Sparkling apple juice is best served with aged Scottish whisky. I discovered the joys of this recently, and because its rosé season, top it off with a little bit of it and you have yourself one fine cocktail.

Rosé, is a lifestyle drink that conjures feelings of flirtatiousness, spring, summer and laughter. It’s hard to be serious over a bottle of Rosé, it’s a fun drink that is relatively uncomplicated, with a bottle of Rose you know what you are getting yourself into. Admittedly, it took me a while to warm to Rosé because of its IT girl status, but she has become a solid third wine in her right as the hype has tapered away and her staying power solidified. A decent Rosé can be just as complex as a red or refined as a white but without any of that pretentiousness. Let’s face it, red wine can be intimidating. You know what makes Rosé an even more special bottle between friends? It is the deceptive simplicity in its making; this is a more tasking wine to make than red or white because of its additional flavours, but a lot less stuffy to enjoy.
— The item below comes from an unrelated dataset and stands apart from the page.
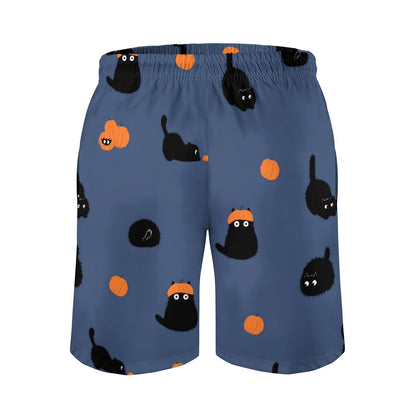 Halloween Pumpkin Black Cat Geek Shorts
But I am not here to tell you how to make Rosé, I’ll leave that to the experts; let’s get down to the simplistic recipe for this delightful happy accident. At first I was going to simply top up my rosé with Belvoir sparkling apple juice, but then I saw a bottle of whisky sitting on the side. A 21 year old bottle of Glendronach to be exact, and I thought what the hell. A dash is all you need, to be specific, .5 oz and you’ll be good to go.


In a wine glass build as below;

Half a wine glass of Rose; AIX Rosé is my preferred; this is the quintessential spring summer wine. Dry but full with aromas of spring and summer.

1/4 cup Belvoir sparking apple juice; Pink Lady

A cap full and a bit of whisky.; whatever you have is fine it doesn’t have to be so aged.